Lampu ruang tamu di rumah itu sudah banyak yang dicopot. 4 Desember 2009 malam, pertemuan di rumah yang selama lima tahun ditempati mantan Wakil Ketua DPR Soetardjo Soerjogoeritno di Jalan Denpasar No. 3, Kuningan, Jakarta Selatan, itu pun digelar di tengah keremangan. Keremangan dalam arti yang sebenarnya.
“Di ruang tengah lampu sudah dicopot-copoti. Remang-remang dan menyedihkan. Ada kesan, Mbah Tardjo dipaksa untuk segera meninggalkannya. Di tengah keremangan itu kami makan nasi goreng pakai kardus,” kata Ahmad Ridwan Dalimunthe.
Ia adalah panitia Majelis Denpasar, nama yang sering digunakan untuk merujuk pertemuan-pertemuan di rumah Mbah Tardjo.

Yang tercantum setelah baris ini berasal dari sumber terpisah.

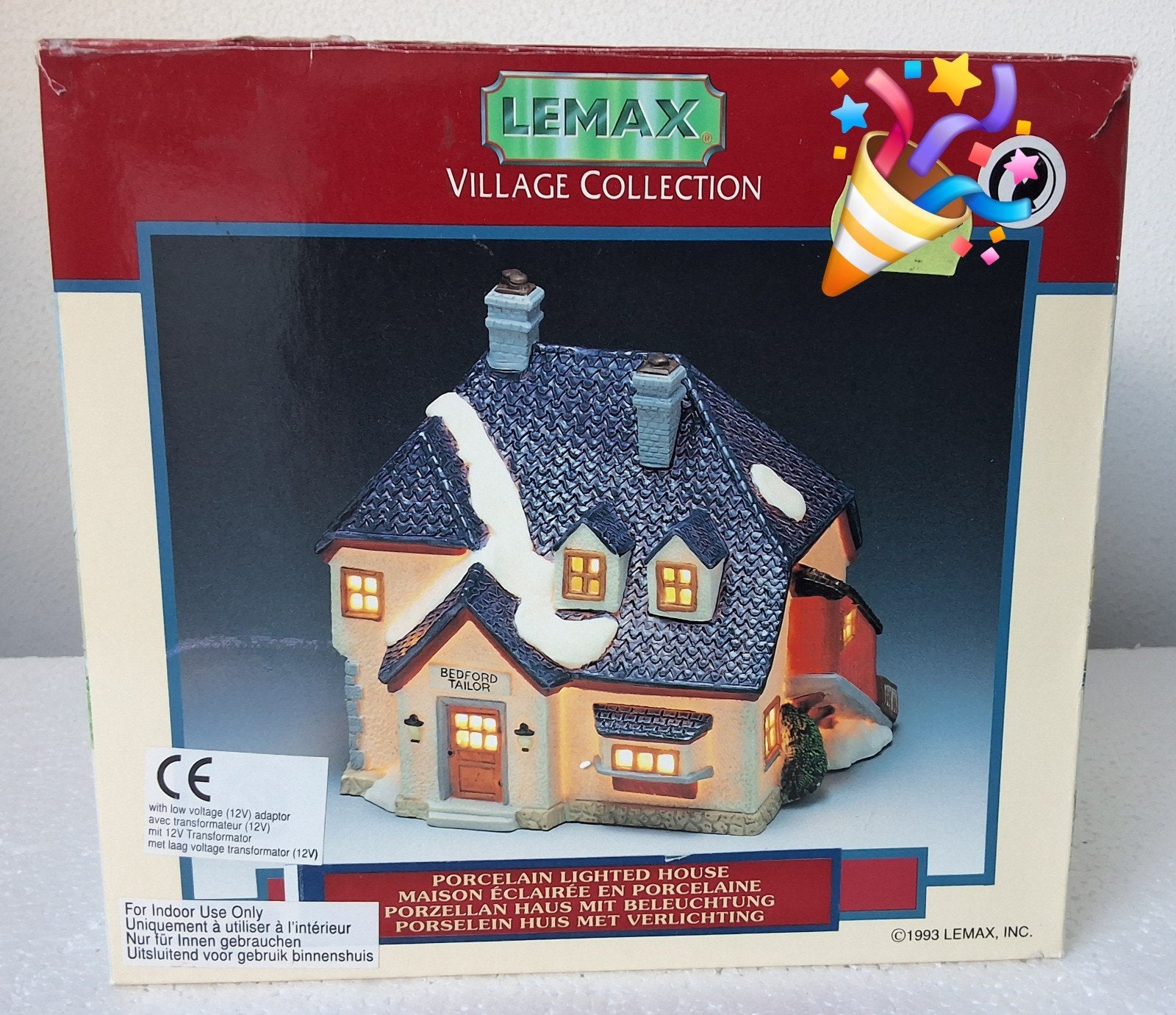 Lemax huisje met verlichting, Diversen, Kerst, Ophalen of Verzenden, Zo goed als nieuw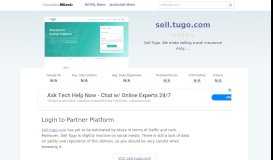 
							         Sell.tugo.com website. Login to Partner Platform.								  
							    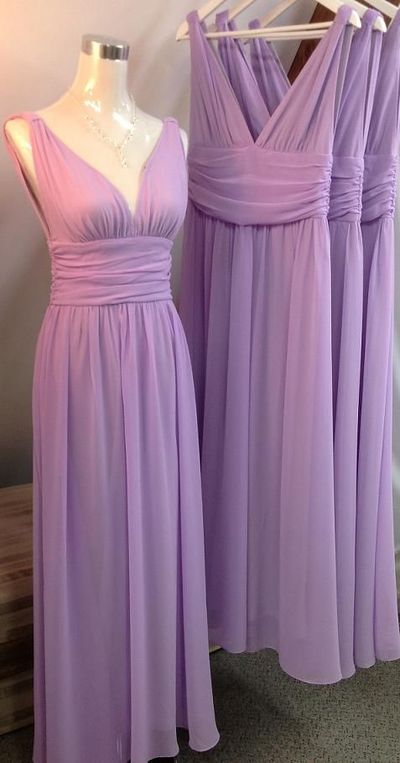long bridesmaid dress, chiffon bridesmaid dress, lavender bridesmaid dress, bridesmaid dress 2015, cheap bridesmaid dress, E122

Belakangan, soal Majelis Denpasar ini menjadi menarik perhatian publik karena dikaitkan dengan kematian mantan presiden RI Abdurrahman Wahid pekan lalu (3 Desember 2009). Menurut sebuah SMS gelap yang sempat beredar, kematian Gus Dur memiliki hubungan dengan pertemuan di rumah itu. Gus Dur konon berbicara blak-blakan tentang sejumlah isu yang berkaitan dengan penguasa negeri hari ini.
Gus Dur memang hadir dalam pertemuan itu. Bahkan ia, sebut Ahmad Ridwan Dalimunthe, mendominasi pembicaraan selama pertemuan. Keadaan sang tuan rumah, Mbah Tardjo, pun sebetulnya jauh lebih teruk dari keadaan Gus Dur. Seperti Gus Dur, Mbah Tardjo yang politisi senior PDI Perjuangan itu pun duduk di kursi roda. Tubuhnya sudah jauh lebih renta dan kurus. Secara umum ia tampak lemah. Hanya sinar matanya yang memperlihatkan semangat menyala-nyala.
“Gus Dur masih bisa tertawa. Ngakaknya masih full. Tidak ada yang menyangka ia (Gus Dur) akan pergi tak lama setelah itu,” demikian Ahmad Ridwan Dalimunthe.